The following information was provided by the licensee via phone and email:

"On 6/12/25 four patients received intradermal administrations of 3 mCi Tc-99m mebrofenin (in three 1-mCi injections at the site) instead of the prescribed 3 mCi Tc-99m sulfur colloid (in three 1-mCi injections at the site) for sentinel lymph node biopsy.

"A physician detected an abnormality on imaging. One patient was also administered the correct (prescribed) dose of 3 mCi Tc-99m sulfur colloid before going to surgery. The other three patients had already gone to surgery when the abnormality was detected. The surgeon detected lymph node counts for two of the patients and resected the nodes (assumed successfully). The surgical status of the third patient is unknown; nuclear medicine will review the pathology results for all four patients when available and follow up accordingly.

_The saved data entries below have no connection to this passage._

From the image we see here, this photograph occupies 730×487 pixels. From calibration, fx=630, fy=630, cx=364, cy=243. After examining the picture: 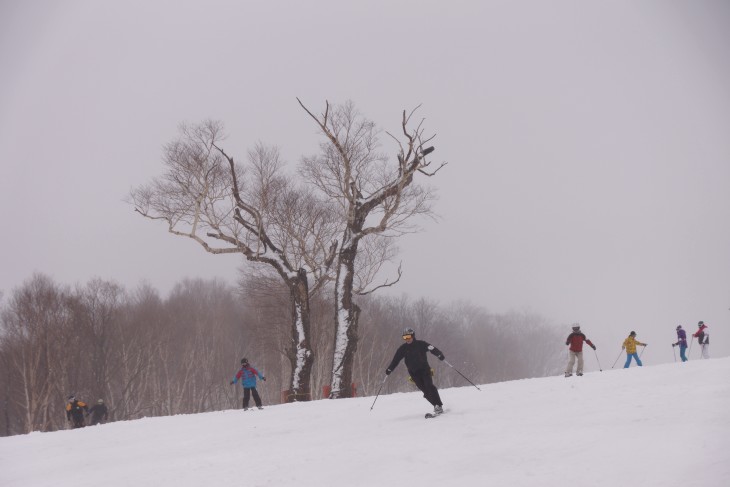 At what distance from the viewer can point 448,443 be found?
1052cm

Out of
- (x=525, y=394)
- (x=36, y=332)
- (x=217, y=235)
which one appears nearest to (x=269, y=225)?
(x=217, y=235)

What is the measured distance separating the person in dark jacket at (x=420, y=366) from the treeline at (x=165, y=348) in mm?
17012

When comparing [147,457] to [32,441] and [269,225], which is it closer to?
[32,441]

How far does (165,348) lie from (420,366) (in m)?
46.0

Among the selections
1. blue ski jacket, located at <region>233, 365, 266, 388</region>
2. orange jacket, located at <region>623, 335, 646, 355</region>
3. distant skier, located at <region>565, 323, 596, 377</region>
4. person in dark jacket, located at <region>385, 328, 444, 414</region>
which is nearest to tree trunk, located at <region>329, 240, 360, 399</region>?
blue ski jacket, located at <region>233, 365, 266, 388</region>

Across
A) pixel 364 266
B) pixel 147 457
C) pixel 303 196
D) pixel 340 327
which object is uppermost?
pixel 303 196

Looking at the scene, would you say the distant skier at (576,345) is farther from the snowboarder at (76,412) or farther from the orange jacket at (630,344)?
the snowboarder at (76,412)

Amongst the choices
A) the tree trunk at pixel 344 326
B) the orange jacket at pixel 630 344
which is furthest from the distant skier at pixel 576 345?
the tree trunk at pixel 344 326

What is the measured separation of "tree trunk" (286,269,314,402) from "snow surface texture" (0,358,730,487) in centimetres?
651

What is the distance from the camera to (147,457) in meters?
12.3

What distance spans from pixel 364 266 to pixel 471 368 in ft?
155

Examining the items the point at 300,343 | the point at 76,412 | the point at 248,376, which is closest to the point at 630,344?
the point at 300,343

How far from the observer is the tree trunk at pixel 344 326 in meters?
23.2

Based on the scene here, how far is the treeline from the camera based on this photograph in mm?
41875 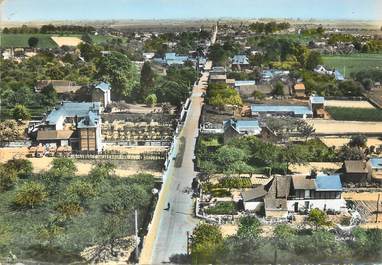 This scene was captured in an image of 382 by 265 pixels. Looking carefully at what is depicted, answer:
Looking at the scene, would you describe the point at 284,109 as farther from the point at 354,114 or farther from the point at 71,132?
the point at 71,132

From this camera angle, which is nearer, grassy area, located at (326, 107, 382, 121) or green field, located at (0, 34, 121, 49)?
grassy area, located at (326, 107, 382, 121)

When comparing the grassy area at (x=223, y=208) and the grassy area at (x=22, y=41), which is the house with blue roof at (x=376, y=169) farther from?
the grassy area at (x=22, y=41)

"Since 6/12/25, nuclear medicine has been investigating the circumstances that led to dispensing an administration of the wrong radiopharmaceutical and evaluating the dosimetry implications of mebrofenin. Because mebrofenin is typically administered intravenously for liver and gallbladder studies, there is little or no published information on skin dose from intradermal administration. The authorized medical physicist (AMP) does not believe the shallow-dose equivalent (SDE) from 3 mCi intradermal mebrofenin would exceed the documented SDE from 3 mCi intradermal sulfur colloid (105 rad) due to the biokinetics of mebrofenin. Imaging suggests that it quickly migrated away from the injection site. However, on 6/19/25, the radiation safety officer (RSO), in consultation with nuclear medicine and the AMP concluded that the event should be reported to NRC as a potential medical event, because we cannot be certain that the SDE does not exceed 50 rad.

"All patients and their referring physicians have been notified. The authorized user physician does not expect any adverse effects as a result of the dosing error.

"The RSO will contact REAC/TS to determine if an accurate SDE can be calculated or derived for this event."

The licensee notified the NRC Region 3 project manager.

The following additional information was obtained from the licensee in accordance with Headquarters Operations Officers Report Guidance:

A Medical Event may indicate potential problems in a medical facility's use of radioactive materials. It does not necessarily result in harm to the patient.


Power Reactor
Event Number: 57785
Facility: Columbia Generating Station
Region: 4     State: WA
Unit: [2] [] []
RX Type: [2] GE-5
NRC Notified By: Valerie Lagen
HQ OPS Officer: Ian Howard
Notification Date: 06/26/2025
Notification Time: 14:31 [ET]
Event Date: 06/23/2025
Event Time: 08:27 [PDT]
Last Update Date: 06/26/2025
Emergency Class: Non Emergency
10 CFR Section:
21.21(d)(3)(i) - Defects And Noncompliance
Person (Organization):
Bywater, Russell (R4DO)
Part 21/50.55 Reactors, - (EMAIL)
Power Reactor Unit Info
Unit SCRAM Code RX Crit Initial PWR Initial RX Mode Current PWR Current RX Mode
2 N Y 18 0
Event Text
PART 21 REPORT - SOLENOID VALVE DEFECT

The following information was provided by the licensee via phone and email:

"Valcor supplied replacement V70900-45 solenoid valves with substitute EM163-80 EPDM O-ring material (due to the obsolescence of the original E0515-80 material) and certified to the original qualification test report based on Delta Qualification report QRSKC26022-1. These replacement solenoid valves were installed at Columbia Generating Station (CGS) in July 2024 as control rod drive scram discharge volume solenoid drain valves. On September 26, 2024, CGS identified this change in material and the issue was entered into the corrective action program. Columbia's review of the Delta Qualification report identified the justification of the thermal life of the new O-ring compound when used in normally energized valves such as those supplied to CGS was not adequate. This issue was communicated to the NRC with an interim Part 21 notification on November 21, 2024 (ML24326A362).

"Valcor's report of additional testing to attempt to justify the new O-ring material as equal to or better than the original material was submitted to CGS on February 24, 2025. Columbia concluded the justification was inadequate and submitted to a third party for evaluation."

The Senior Resident Inspector has been notified.